### Records for the task
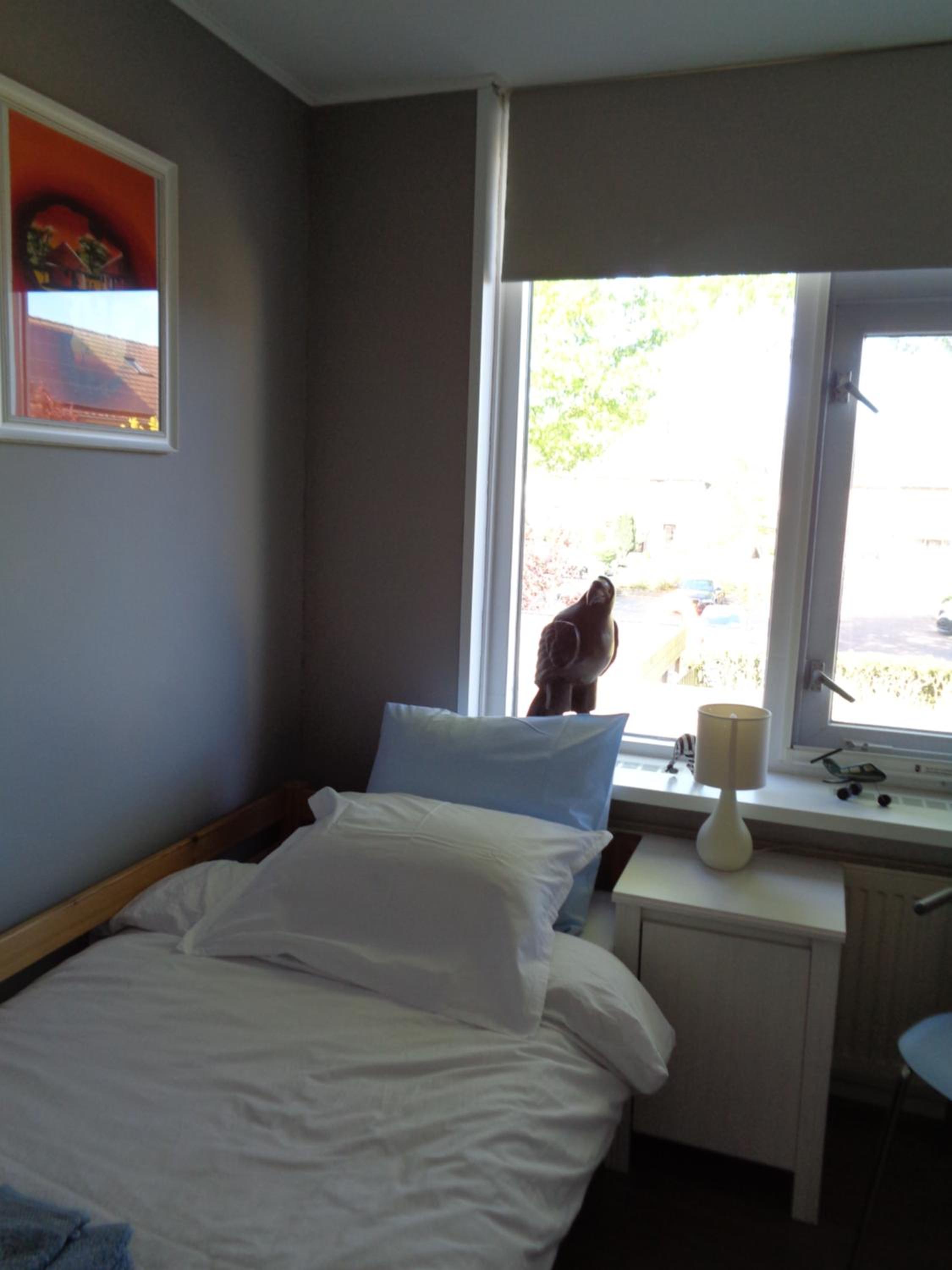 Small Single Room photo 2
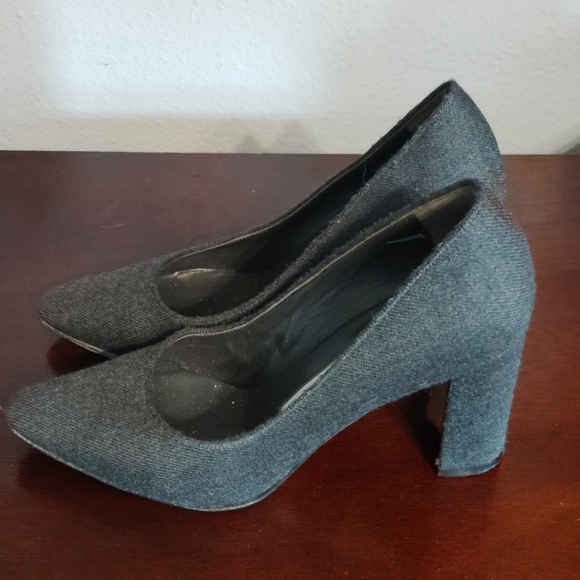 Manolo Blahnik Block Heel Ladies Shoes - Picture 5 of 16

* * *

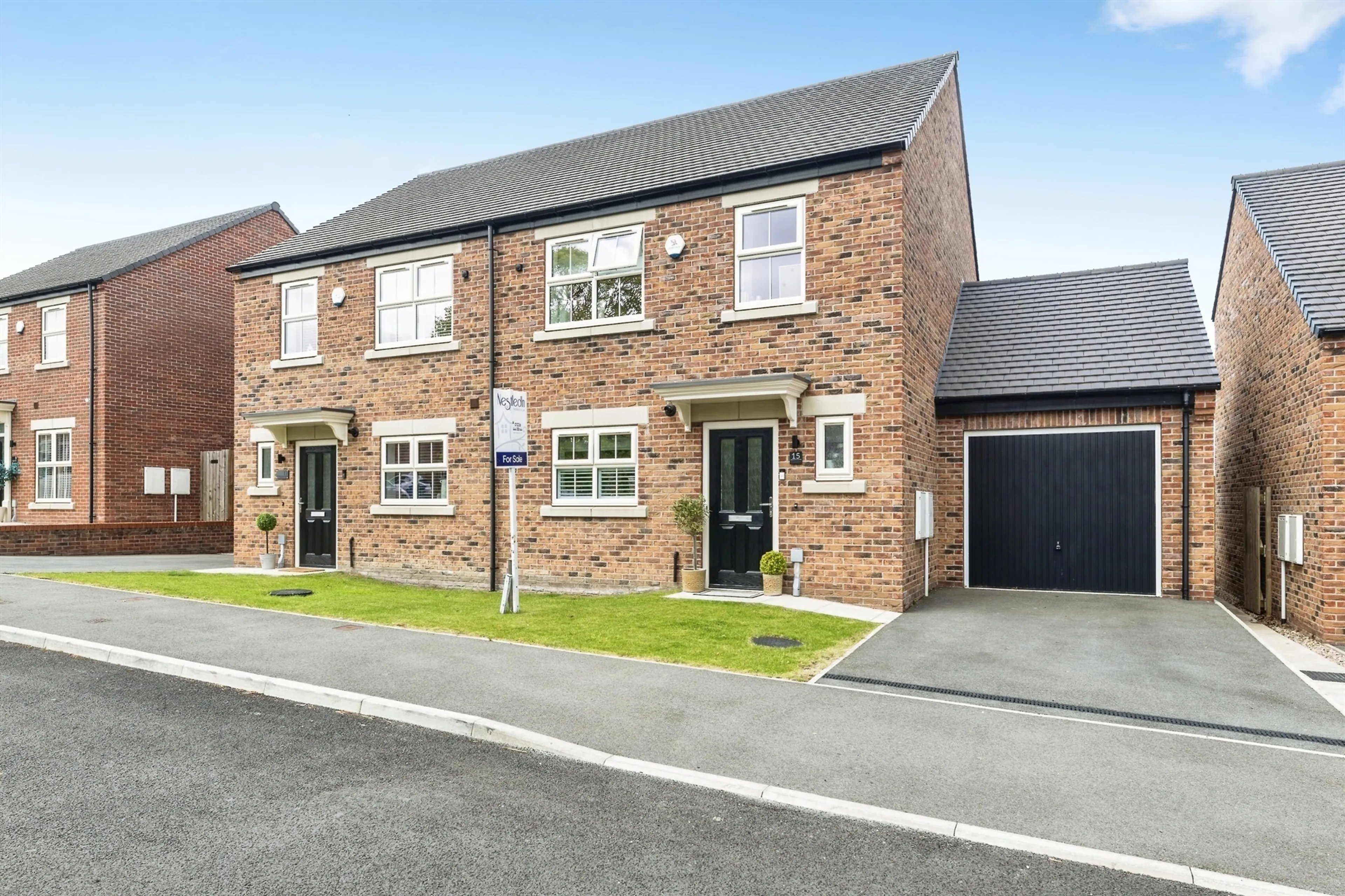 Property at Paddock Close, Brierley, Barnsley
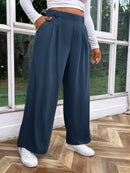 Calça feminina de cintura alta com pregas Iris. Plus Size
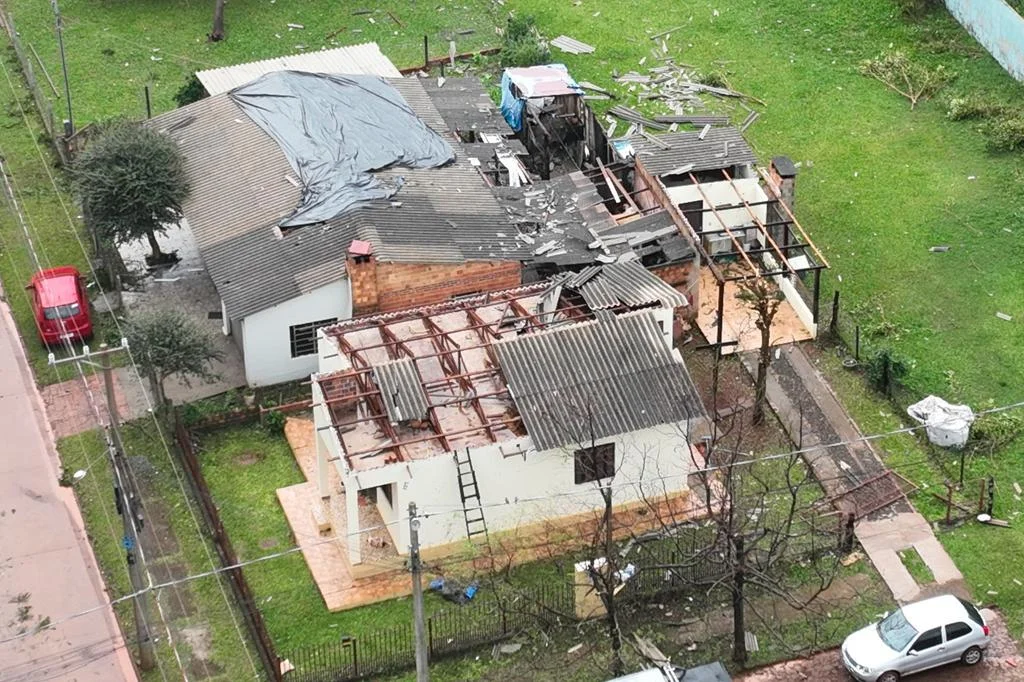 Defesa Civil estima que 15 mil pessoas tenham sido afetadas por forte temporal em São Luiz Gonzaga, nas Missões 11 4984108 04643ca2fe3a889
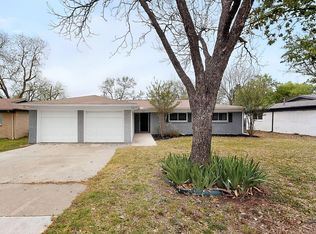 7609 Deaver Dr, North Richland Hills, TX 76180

---

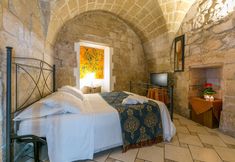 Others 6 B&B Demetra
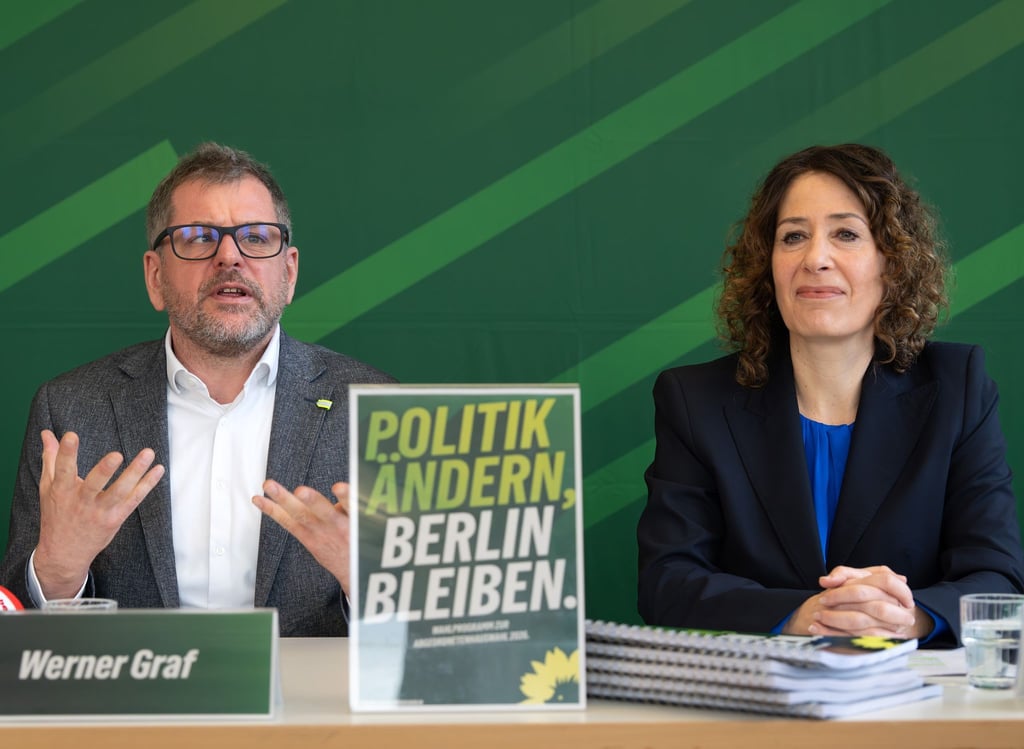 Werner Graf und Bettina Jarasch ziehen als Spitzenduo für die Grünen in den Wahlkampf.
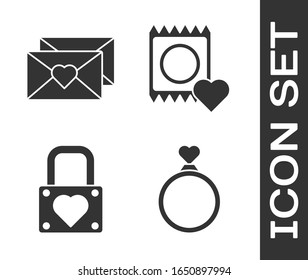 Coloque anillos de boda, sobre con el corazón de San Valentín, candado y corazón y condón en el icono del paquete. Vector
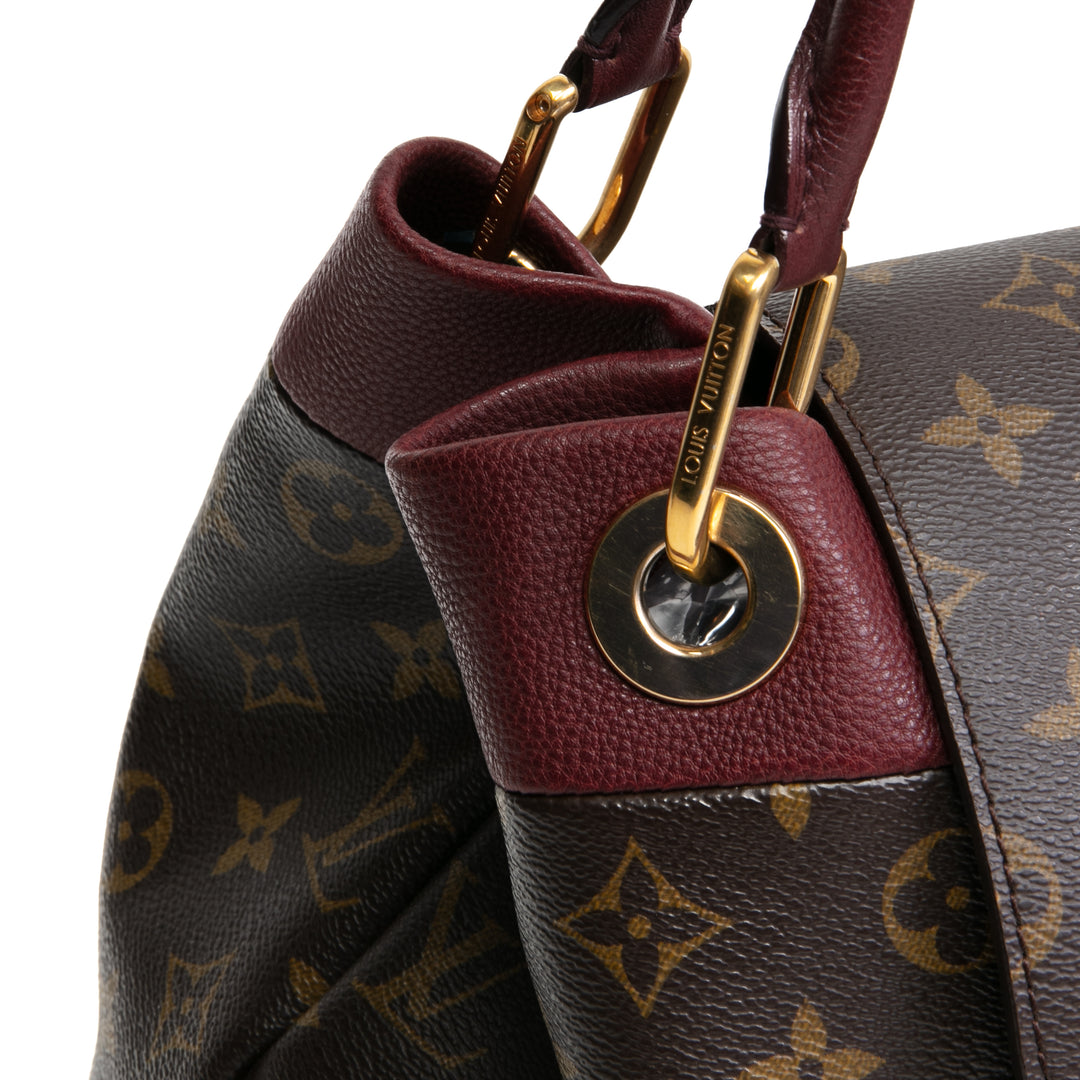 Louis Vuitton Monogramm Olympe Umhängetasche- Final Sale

### To do
With the pictures removed from your copy, retype the lines above from the one that contains "Others 6 B&B Demetra" through the one that contains "Louis Vuitton Monogramm", exactly.

### Task response
 Others 6 B&B Demetra
 Werner Graf und Bettina Jarasch ziehen als Spitzenduo für die Grünen in den Wahlkampf.
 Coloque anillos de boda, sobre con el corazón de San Valentín, candado y corazón y condón en el icono del paquete. Vector
 Louis Vuitton Monogramm Olympe Umhängetasche- Final Sale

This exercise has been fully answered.